The report found 60 per cent of survey respondents supported recognising animal sentience, but seven of the nine agricultural organisations did not.

"These organisations - and the 40 per cent of survey respondents who also opposed recognising animal sentience in the new Act - believe the existence of animal care and protection legislation is sufficient acknowledgement of animal sentience, that explicit recognition will not achieve any practical benefits for animals, and that it has potential to be used to impact currently lawful activities involving animals," the report read.

Setting minimum standards of care was supported, or partly supported, by 67pc of respondents, although some submissions pointed to the difference between meeting minimum standards as opposed to promoting best practice.

Agricultural groups noted that national Animal Welfare Standards already had minimum care requirements in place, and therefore the new Act should use the same terminology for consistency.

Mr Harrison said it was unnecessary for the new Act to develop a whole new set of standards.

"We're not keen to reinvent new standards and guidelines when all the work has been done with everyone at the table previously," he said.

Some submissions also raised concerns that legislating minimum standards could lead to lawful activities, such as farming and hunting, being banned, but the government has maintained that current lawful activities will continue to be allowed.

While 60pc of respondents either supported or partly supported a set of general cruelty offences, there was mixed support for increasing the current penalties for cruelty offences.

The report also found there was support for developing a single regulatory framework for controlled procedures on animals, although it was stressed in many submissions that detail was important, especially regarding which actions would be included in the proposed Restricted and Prohibited category.

Some submissions suggested that all controlled procedures should only be performed by vets or people with qualifications or training.

But Mr Harrison said there simply was not enough vets on the ground for it to be a practical suggestion, particularly for practices like lamb marking.

"We've been marking lambs for hundreds of years now, the majority of people use contractors and a lot of people are using pain relief," he said.
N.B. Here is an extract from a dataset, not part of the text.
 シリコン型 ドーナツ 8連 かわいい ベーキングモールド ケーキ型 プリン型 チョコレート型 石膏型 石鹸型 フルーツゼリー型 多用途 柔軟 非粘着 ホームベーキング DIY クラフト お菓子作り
"We're well versed on what has to be done for best practice."

The report found there was broad support for shifting the focus of the Act from responding to cruelty after it has occurred, to a more proactive and preventative approach.

A total of 66pc of respondents supported or partly supported giving proactive monitoring powers, with some calling for an independent regulator.

However some submissions were concerned about privacy and business interruption and a duplication of monitoring powers.

Mr Harrison said many farmers were already being audited through organisations such as the National Wool Declaration and the Livestock Production Assurance, and another regulator could mean a duplication of services.

He hoped the VFF would be consulted going forward so a good outcome could be achieved.

"On the positive side, there was 1200 submissions put forward but at the end of the day farmers do the best for their animals," he said.

"The government has been consulting with us to some degree and we certainly hope from a VFF point of view, where we represent, x amount of people and opinions, that we're listened to over an individual that may have a left field idea or opinion of certain procedures."

Agriculture minister Mary-Anne Thomas said there was widespread support for strengthening welfare laws.

"It is time for a new and improved laws that reflects the needs of our modern agricultural industries and the expectation of the public," she said.

"Modernising Victoria's animal protection legislation will help safeguard animal welfare while enabling our valuable food and fibre industries to function responsible and productively."

In a statement, the government said feedback received from the consultation will inform work to develop draft legislation for a new animal welfare Act, with an exposure draft to be released in 2022.

The community will again have an opportunity to provide their feedback before a Bill is introduced to Parliament.

The full consultation summary report can be viewed online at engage.vic.gov.au.